ASSIGNMENT
Leaving the pictures aside, return all of the data below exactly.

PROVIDED DATA
_ _ _
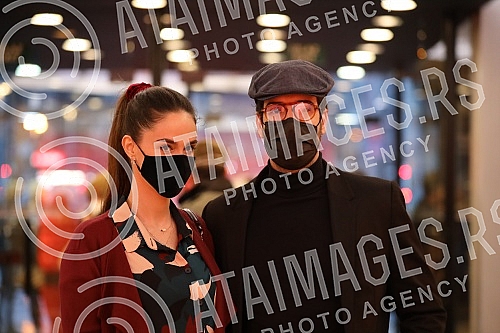 Premiere of the play 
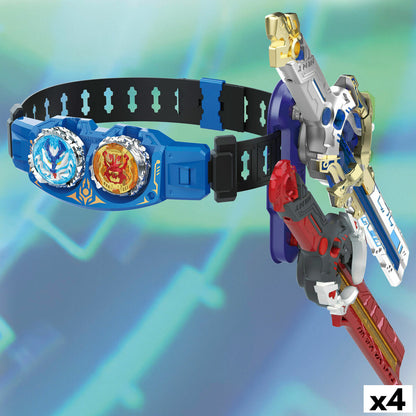 Infinity Nado Draaiende Tol Infinity Nado (4 Stuks)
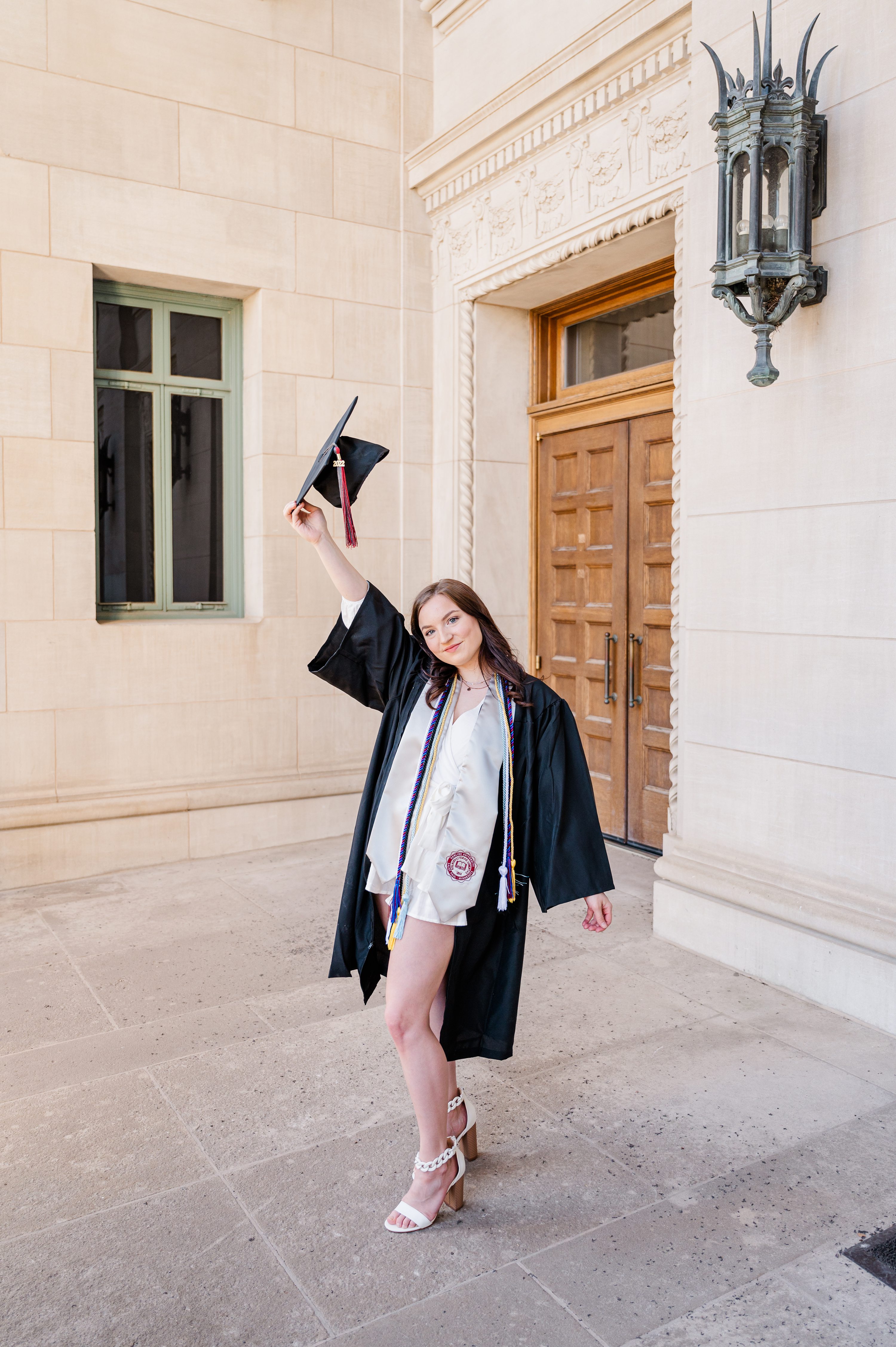 Graduation Photo Ideas for High School and College Grads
_ _ _
RESPONSE BELOW
 Premiere of the play 
 Infinity Nado Draaiende Tol Infinity Nado (4 Stuks)
 Graduation Photo Ideas for High School and College Grads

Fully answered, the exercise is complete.